I have lost so much money (and time) investing in new materials and nothing is sticking.

They are not even washing them , they are just falling off letter by letter after wearing for a few hours. 

I have had my heat press re-calibrated too. 

I use a company called xpres and have never faulted them before, but every time I ring them they say try a different material and its costing me a fortune, for the jackets to come back to me. 

Please help me out.


----------



## proworlded (Oct 3, 2006)

Sounds like the fabric will not hold any type heat applied material. Possibly screen printing is the way to go.


----------



## jess211989 (Nov 20, 2013)

There must be a way though, that you can heat transfer onto these jackets.


----------



## lrsbranding (Aug 6, 2011)

My guess would be the waterproofing. Have you wiped the application area with rubbing alcohol before applying? The manufacturer may have changed the type of waterproofing so you could be out of luck. I have seen Teflon sealants that you can't get rid of.


----------



## jess211989 (Nov 20, 2013)

I have just had this reply from my ink supplier...

No vinyl can be guaranteed to adhere to such jackets as the vinyls are designed to adhere directly to the Nylon, cotton or polyester and not a coating. 99% of jackets we come across have some type of outer coating designed to repel water.

If the Nylo Flex is lifting it sounds likely to me that there is a coating causing durability problems, in which case you may continue to see the problem. Unfortunately without testing the Multi Flex on these jackets it is difficult to know how durable the product will be, again it all comes down to the jackets exterior.

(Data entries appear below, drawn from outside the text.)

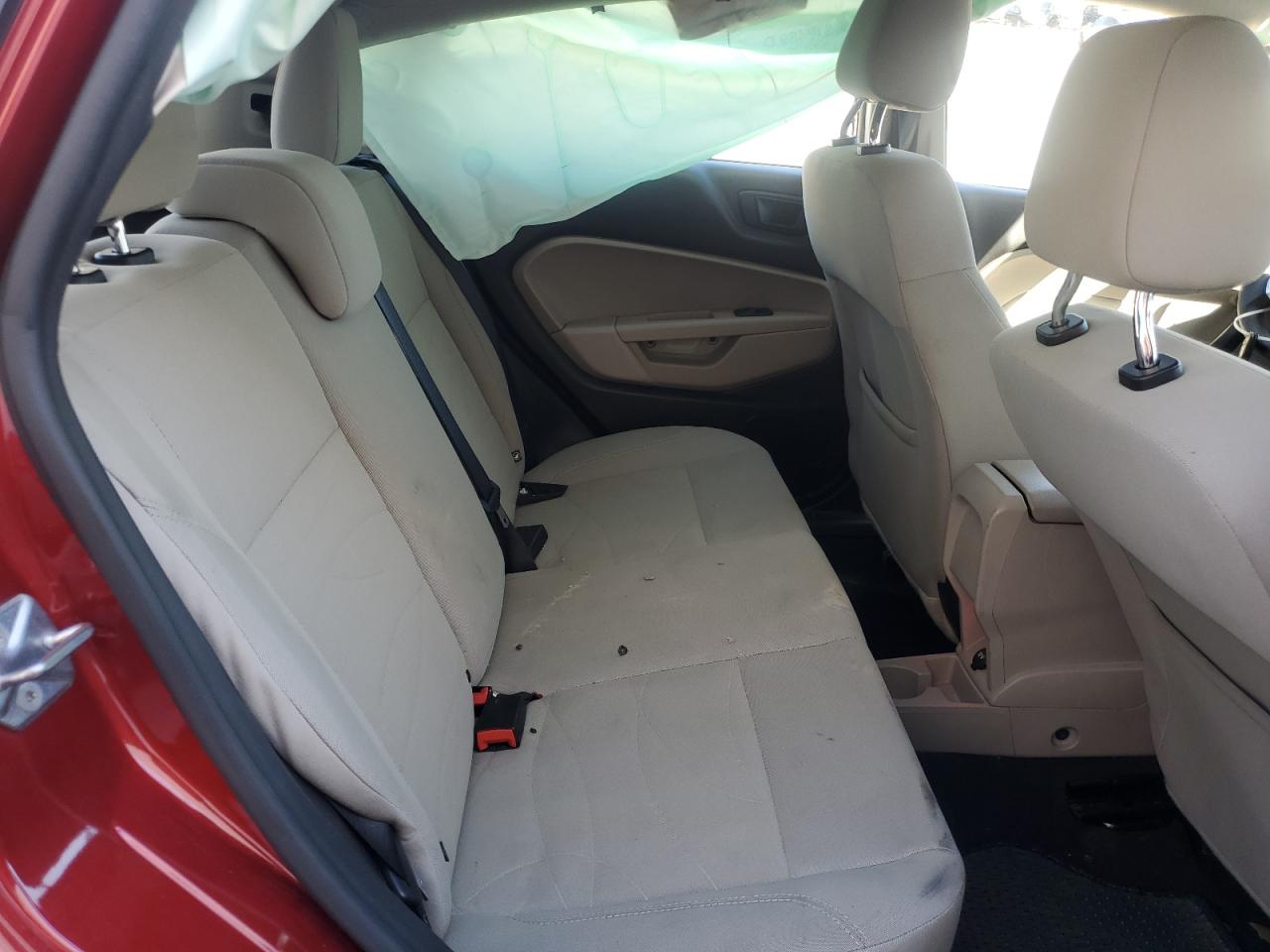 2017 Ford Fiesta Se VIN: 3FADP4EJ4HM156823 Lot: 82073375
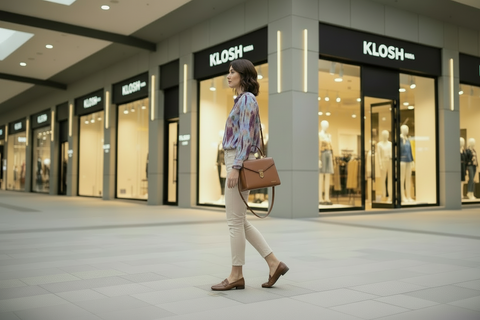 Ethnic-Inspired Ikat Pattern Oversized Shirt - Multicolored & Bohemian Chic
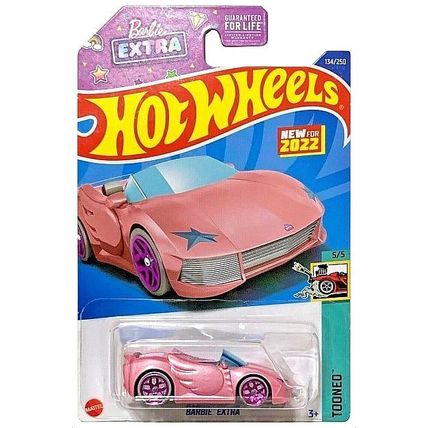 Hot Wheels - Barbie Extra: Tooned #5/5 - #134/250 (2022) *Pink Edition*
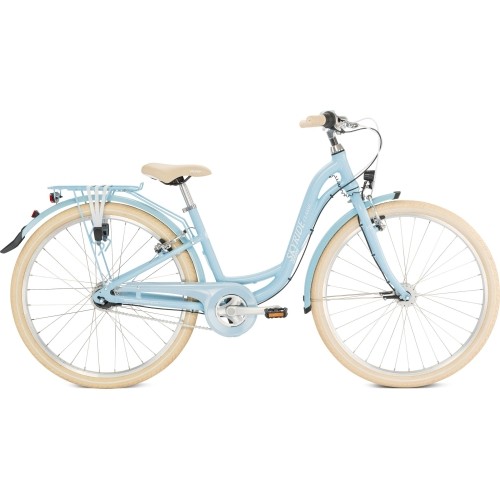 Rower PUKY Skyride 26-7 Classic Alu retro blue
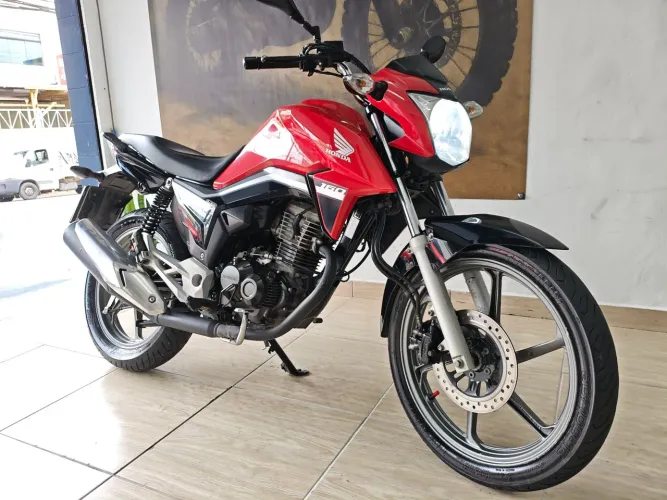 HONDA CG TITAN 160 2021 - EXCELENTE ESTADO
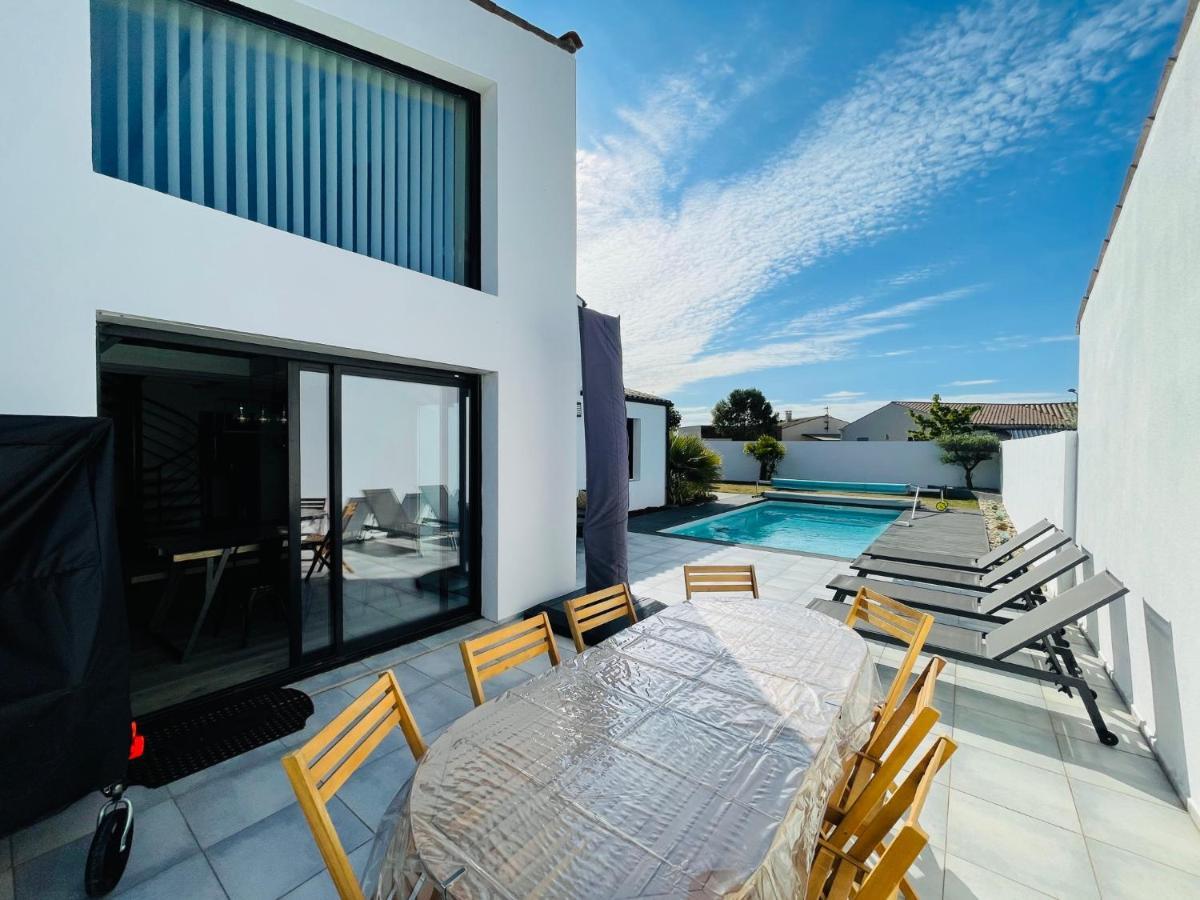 Charmante Villa Aux Portes De La Rochelle Villedoux Esterno foto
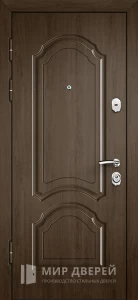 Дверь в деревянный дом входная №11 внутренняя - фото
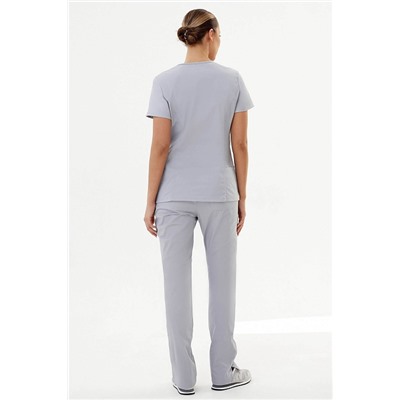 Топ медицинский женский 3-02-25-1 / Insoft 45 Сталь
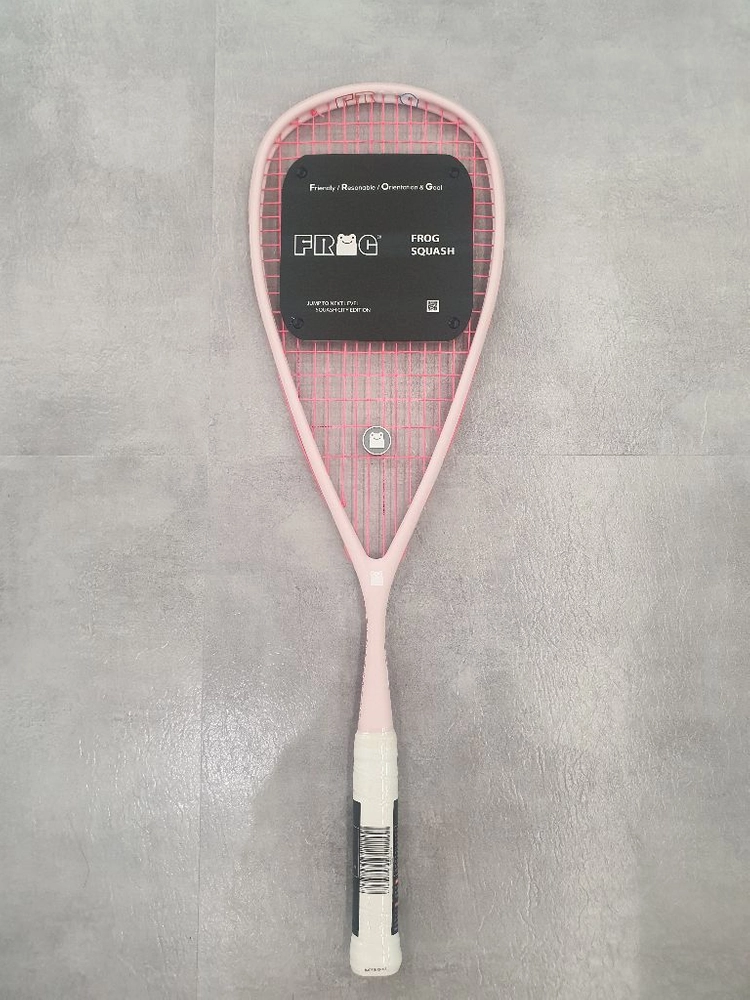 스쿼시라켓 프로그 파리스 핑크 110g 15.4만원 팔아요 이미지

Im not sure where to go from here.... or do I give the jackets and money back and say sorry I cannot complete this due to the waterproofing of the jackets.


----------



## lrsbranding (Aug 6, 2011)

Rubbing Alcohol is the only thing I know of to try. You could try the spot remover used in screen printing. I have never tried to use it for removing waterproofing. If nothing works to remove the waterproofing and the specs from where you ordered them say nothing about decoration restrictions then I would return them to the supplier for a refund due to the fact they are not able to be decorated and they did not disclose that.


----------



## lrsbranding (Aug 6, 2011)

With the new hydrophobic chemicals that are being used embroidery may be the only solution. So if the garment says waterproof we make sure the customer is aware that it may not work.


----------



## jess211989 (Nov 20, 2013)

just an update- I have contacted suppliers of jackets and they have not changed anything in the waterproofing. I have tried heat pressing with multi flex which can go on polyester and nylon and this has lifted after one wash this morning.
There is nothing on their website that says their vinyls may not stick to waterproof materials. 
Shall I admit defeat and give up or is there anything else I can try?
Many thanks


----------



## sudomark3 (Oct 22, 2013)

The nylon agent is urethane glue so only add the nylon agent to a batch of plastisol you’ll be using because the ink will harden in about a day making it useless for future runs.


----------



## Printcess Jen (Mar 5, 2013)

Hi, just seen this post and thought i'd tell you that I have been having the same problem, first it was embroidered badges that press on and they fell off so we had to have them embroidered on and now it seems that the vinyl which was especially for nylon materials has lifted off, most after washing but some are also lifting without washing. This has been a real learning curve for me and also quite stressful, however luckily the customer is quite understanding with the issues we are having, they have only had a few jackets back but i imagine the problem will arise in the future when they start getting washed

I agree that many suppliers do not tell you that the product is not guaranteed to stay on if there is a waterproof coating and this seems to be the case. 

If you find any more information about this then i'd be interested to hear about it!

For now, for my future orders i have had to use a disclaimer stating that due to the material being coated there is no guarantee that it will stay on so we will just have to wait and see the outcome.

Good luck!


----------



## jess211989 (Nov 20, 2013)

I have just seen you message Jen, I do feel your pain. but am so happy you to know it was not just me. It has been very stressfull for me with having over 150-200 jackets. I am just putting togeter a disclaimer now as website is having a re-vamp. Did you manage to find anything else regrading this issue?


----------